As Halloween rapidly approaches it seemed only appropriate to blog about Salem. Just a short train journey from central Boston, the town is famed for its mass hysteria and witch trials of 1692.
We visited Salem on a drizzly October day although the rain did not put off the tourists. Pumpkins and jack-o’-lanterns line the streets as the Halloween season begins. It appeared to me that Salem was very proud of its history and uses it to its advantage, selling all sorts of witch memorabilia (some not particularly relevant). The museums in the town certainly get into the nitty gritty of the hysteria in an informative and entertaining way. Here’s how it was told to us:
It all began back in 1691/2 when a new Reverend of the Puritan church (Mr Samuel Parris) moved to Salem village (nowadays Danvers) with his family and slave; named Tituba. The Puritan faith was very strict, even childhood fun was limited to prayer time. Reverend Parris’ children and their friends became restless with this, and used to confide in Tituba and her stories from her previous life before she was enslaved. This included Betty Parris and her cousin Abigail Williams who both lived with Reverend Parris. One day some strange affliction came over the girls, stories of body contortions, fits and speaking in tongues. Eleven girls had been afflicted by this mysterious demonic illness.
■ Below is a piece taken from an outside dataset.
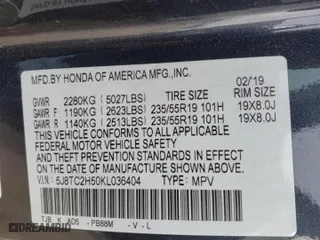 2019 Acura RDX w/Technology Pkg with VIN 5J8TC2H50KL036404, listed as a Copart auction lot 72705234 with 95,985 mi miles and Salvage Title. Bid and sale history available at carsss.com. Image 14.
The reverend and doctor condemned it as demonic behaviour, as prayers or medicine did not help the girls. Tituba was asked to bake a rye cake with the afflicted girls urine as an ingredient and feed it to the dog to see if the dog had any symptoms. It is unknown if this lead to anything. Once conscious; Abigail and Betty accused Tituba and two others for practicing witchcraft, as this is what they thought caused them to become ill.
The accusation of these three women was the start of mass hysteria that swept over New England. The afflicted girls and other children went around accusing people for no reason, including looking at them the wrong way (including two dogs who were eventually hanged), saying that they could cast spells etc. This lead to the accusation of one hundred and fifty-six people who went on trial for being a witch. Of these one hundred and fifty-six, nineteen were sentenced to hanging and one man (Giles Corey) was crushed to death with heavy weights, in a practice known as pressing. He pleaded not guilty to being a warlock and the pressing was used to force him to change his mind. Instead, it ended up killing him. The dead bodies of the accused were dumped in a pit after they were hanged, as witches were not allowed to be buried on sacred ground.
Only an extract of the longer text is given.